A veterinarian hopes the public anger over an illegal spate of wildlife snaring will invigorate her mission to eradicate a much larger, potentially deadlier threat to northern wildlife.
“This is an underdog problem. It’s not a popular cause like animal abuse and neglect, but it’s a clear case of animal cruelty without anyone being deliberate or intentional. It’s just a consequence of what humans have left out in the wilderness.”
Dr. Veronica Gventsadze is speaking about the 100-year old Dominion Government Telegraph Service line, a network of five-millimetre iron cables snaking through 2,900 kilometres of wilderness from Ashcroft, B.C., up through Hazleton and terminating in Dawson City, Y.T. Known as the Yukon Telegraph, this logistical marvel of its time connected the gold fields of the Yukon to southern Canada.
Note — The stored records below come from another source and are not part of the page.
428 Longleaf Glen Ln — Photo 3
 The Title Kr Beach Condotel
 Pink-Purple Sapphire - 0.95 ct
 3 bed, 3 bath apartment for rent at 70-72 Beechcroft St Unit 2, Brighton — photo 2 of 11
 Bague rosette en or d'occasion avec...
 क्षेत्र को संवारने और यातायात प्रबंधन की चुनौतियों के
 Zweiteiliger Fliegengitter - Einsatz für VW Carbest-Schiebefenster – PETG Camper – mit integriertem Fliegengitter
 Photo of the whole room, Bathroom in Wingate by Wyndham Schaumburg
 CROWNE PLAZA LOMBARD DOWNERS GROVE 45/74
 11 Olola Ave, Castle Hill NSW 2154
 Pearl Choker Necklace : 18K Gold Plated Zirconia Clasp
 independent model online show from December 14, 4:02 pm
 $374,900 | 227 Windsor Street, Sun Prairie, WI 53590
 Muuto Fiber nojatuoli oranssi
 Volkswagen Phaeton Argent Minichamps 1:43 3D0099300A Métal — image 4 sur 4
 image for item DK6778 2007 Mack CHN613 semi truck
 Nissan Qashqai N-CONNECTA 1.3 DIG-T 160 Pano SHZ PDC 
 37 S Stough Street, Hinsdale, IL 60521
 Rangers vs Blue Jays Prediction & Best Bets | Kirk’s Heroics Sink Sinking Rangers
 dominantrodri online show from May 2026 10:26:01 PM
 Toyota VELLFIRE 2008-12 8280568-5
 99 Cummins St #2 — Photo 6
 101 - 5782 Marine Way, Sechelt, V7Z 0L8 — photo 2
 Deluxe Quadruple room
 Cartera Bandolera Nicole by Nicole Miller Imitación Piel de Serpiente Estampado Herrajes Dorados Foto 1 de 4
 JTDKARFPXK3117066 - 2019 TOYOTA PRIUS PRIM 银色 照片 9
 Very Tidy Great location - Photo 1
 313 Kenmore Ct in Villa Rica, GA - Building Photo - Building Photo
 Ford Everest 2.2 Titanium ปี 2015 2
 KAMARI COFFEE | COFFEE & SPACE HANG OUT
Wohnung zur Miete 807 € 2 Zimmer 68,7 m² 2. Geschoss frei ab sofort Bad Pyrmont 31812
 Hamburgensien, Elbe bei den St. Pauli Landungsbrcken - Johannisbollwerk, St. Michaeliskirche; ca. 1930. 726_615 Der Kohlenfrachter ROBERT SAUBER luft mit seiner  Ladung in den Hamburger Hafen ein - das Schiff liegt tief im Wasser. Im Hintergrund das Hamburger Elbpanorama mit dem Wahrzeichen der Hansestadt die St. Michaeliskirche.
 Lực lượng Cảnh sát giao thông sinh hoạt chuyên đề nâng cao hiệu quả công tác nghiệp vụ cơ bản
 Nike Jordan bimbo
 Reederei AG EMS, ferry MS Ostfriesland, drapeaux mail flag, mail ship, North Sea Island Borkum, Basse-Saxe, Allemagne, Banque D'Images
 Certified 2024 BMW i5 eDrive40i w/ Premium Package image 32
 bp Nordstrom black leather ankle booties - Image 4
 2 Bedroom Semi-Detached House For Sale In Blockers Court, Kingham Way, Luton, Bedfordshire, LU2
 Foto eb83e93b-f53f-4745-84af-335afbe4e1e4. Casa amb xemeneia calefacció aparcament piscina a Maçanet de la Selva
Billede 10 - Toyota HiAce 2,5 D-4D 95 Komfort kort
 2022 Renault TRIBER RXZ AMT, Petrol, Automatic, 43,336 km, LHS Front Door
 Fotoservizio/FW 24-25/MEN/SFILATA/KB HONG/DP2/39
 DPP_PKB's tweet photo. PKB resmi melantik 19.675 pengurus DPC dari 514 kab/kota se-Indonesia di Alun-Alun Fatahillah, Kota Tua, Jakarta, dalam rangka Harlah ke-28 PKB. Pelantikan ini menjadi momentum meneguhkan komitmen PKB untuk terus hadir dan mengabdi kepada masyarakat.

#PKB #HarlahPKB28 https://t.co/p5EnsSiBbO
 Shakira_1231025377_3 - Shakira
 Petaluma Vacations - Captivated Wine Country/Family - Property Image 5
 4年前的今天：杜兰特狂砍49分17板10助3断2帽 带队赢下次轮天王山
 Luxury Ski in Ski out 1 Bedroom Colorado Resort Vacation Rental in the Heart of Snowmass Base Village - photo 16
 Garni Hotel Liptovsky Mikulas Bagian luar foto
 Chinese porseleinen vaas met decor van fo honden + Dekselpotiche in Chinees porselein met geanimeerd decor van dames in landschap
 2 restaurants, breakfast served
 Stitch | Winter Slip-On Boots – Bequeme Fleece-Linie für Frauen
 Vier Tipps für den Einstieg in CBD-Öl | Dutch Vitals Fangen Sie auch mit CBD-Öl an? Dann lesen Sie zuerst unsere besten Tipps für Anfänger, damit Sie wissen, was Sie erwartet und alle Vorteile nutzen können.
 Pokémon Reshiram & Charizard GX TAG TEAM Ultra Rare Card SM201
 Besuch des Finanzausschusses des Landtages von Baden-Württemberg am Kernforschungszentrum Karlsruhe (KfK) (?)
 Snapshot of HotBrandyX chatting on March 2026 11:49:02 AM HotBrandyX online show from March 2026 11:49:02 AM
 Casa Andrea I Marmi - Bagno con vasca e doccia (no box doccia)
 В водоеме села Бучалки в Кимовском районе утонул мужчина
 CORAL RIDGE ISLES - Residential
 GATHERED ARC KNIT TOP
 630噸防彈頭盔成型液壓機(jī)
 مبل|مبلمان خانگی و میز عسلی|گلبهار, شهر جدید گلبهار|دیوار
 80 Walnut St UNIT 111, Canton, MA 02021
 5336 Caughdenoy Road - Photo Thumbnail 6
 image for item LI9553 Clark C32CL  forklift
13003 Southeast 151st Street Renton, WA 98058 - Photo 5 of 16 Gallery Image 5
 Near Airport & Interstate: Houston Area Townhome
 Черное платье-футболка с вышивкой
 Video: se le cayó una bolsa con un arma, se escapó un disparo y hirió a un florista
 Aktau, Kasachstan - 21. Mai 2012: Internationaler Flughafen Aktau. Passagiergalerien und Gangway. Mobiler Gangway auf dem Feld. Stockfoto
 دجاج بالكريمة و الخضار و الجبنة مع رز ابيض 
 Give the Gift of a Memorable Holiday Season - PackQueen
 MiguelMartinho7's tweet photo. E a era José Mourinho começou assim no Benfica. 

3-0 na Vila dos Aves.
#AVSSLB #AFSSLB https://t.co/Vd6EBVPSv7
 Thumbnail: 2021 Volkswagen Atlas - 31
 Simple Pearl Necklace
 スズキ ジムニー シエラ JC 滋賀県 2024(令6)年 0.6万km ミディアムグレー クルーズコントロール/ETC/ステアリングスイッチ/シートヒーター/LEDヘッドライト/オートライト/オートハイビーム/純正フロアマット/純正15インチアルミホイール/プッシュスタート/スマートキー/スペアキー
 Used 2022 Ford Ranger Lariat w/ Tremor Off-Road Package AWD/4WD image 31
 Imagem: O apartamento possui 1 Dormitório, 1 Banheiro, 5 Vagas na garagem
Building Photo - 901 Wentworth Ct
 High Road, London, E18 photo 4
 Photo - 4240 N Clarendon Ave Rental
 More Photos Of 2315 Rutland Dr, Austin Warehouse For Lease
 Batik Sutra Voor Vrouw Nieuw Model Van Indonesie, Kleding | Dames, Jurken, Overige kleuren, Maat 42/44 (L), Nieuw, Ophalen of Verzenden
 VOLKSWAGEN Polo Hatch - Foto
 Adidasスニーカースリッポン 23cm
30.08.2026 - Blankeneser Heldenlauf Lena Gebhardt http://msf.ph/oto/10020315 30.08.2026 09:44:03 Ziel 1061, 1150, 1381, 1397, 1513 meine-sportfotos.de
The line was abandoned in the 1940s and 50s as wireless technology advanced.
But the galvanized cable was of such high quality it still shows no sign of corrosion or breakage. As the original poles collapse, and trees topple, the cable either sags to the forest floor or lies in tangles beneath moss and foliage, creating a perfect trap for moose and, further north, caribou.
“A bull moose crashes through the forest with his antlers, and that’s it. That’s how he gets around,” Gventsadze says. “There must be a tremendous amount of anguish not being able to free himself [from the wire], possibly lying there exhausted, hungry—he’s live prey for a bear. The wire is like nothing found in nature, so the moose not having a chance to escape or protect itself is a completely unnatural situation.”
The Squamish-based veterinarian began a grassroots campaign to see the line removed in June, 2016, during an otherwise-regular visit to her Rosswood cabin in the Nass Valley. Her husband was picking lobster mushrooms when he stumbled across a one-kilometre stretch of the fallen line. He counted the corpses of three moose in varying stages of decomposition, she says.
“This is grizzly bear country, so the moose will be dragged off pretty quickly. We don’t know how many have been there before.” Since her husband’s discovery Gventsadze has found other sites along the Stewart branch of the telegraph service.
After being told last year there was very little Conservation Officers Service could do in the matter, Gventsadze contacted the Terrace office again last month upon reading news reports of a prolific and intentional snaring operation in the Kitimat River Valley, which the COS is still investigating.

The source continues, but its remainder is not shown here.